- [EXERCISE DETAILS] Look through the data for the string "Sterling". Copy every line where it is found.

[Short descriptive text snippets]
☆ ☆ ☆
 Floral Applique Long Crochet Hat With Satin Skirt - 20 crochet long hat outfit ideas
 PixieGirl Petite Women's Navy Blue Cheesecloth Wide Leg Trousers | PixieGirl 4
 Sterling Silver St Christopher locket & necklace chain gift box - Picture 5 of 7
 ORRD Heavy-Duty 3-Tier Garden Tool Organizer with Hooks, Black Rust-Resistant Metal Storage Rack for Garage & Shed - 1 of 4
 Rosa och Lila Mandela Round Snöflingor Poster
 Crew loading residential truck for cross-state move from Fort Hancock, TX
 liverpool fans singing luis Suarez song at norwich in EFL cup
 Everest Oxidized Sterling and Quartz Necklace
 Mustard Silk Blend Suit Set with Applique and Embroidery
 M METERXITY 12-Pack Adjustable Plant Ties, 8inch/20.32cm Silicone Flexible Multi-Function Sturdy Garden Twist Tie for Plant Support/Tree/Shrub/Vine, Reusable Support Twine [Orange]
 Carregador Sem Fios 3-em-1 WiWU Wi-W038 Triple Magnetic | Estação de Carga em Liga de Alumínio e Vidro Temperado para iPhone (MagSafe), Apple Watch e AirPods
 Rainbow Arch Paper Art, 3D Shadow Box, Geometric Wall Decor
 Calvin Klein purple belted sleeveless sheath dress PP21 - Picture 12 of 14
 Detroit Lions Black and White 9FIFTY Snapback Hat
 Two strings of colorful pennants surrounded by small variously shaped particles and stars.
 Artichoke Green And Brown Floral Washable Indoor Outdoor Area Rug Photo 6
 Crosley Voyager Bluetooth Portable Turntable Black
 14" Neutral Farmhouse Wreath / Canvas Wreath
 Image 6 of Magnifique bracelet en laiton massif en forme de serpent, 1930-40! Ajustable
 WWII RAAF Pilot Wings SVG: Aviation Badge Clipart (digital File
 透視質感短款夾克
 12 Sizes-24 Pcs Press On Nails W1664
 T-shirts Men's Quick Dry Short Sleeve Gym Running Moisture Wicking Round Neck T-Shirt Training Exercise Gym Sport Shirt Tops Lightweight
☆ ☆ ☆
- [OUTPUT FOR THIS TASK]
 Sterling Silver St Christopher locket & necklace chain gift box - Picture 5 of 7
 Everest Oxidized Sterling and Quartz Necklace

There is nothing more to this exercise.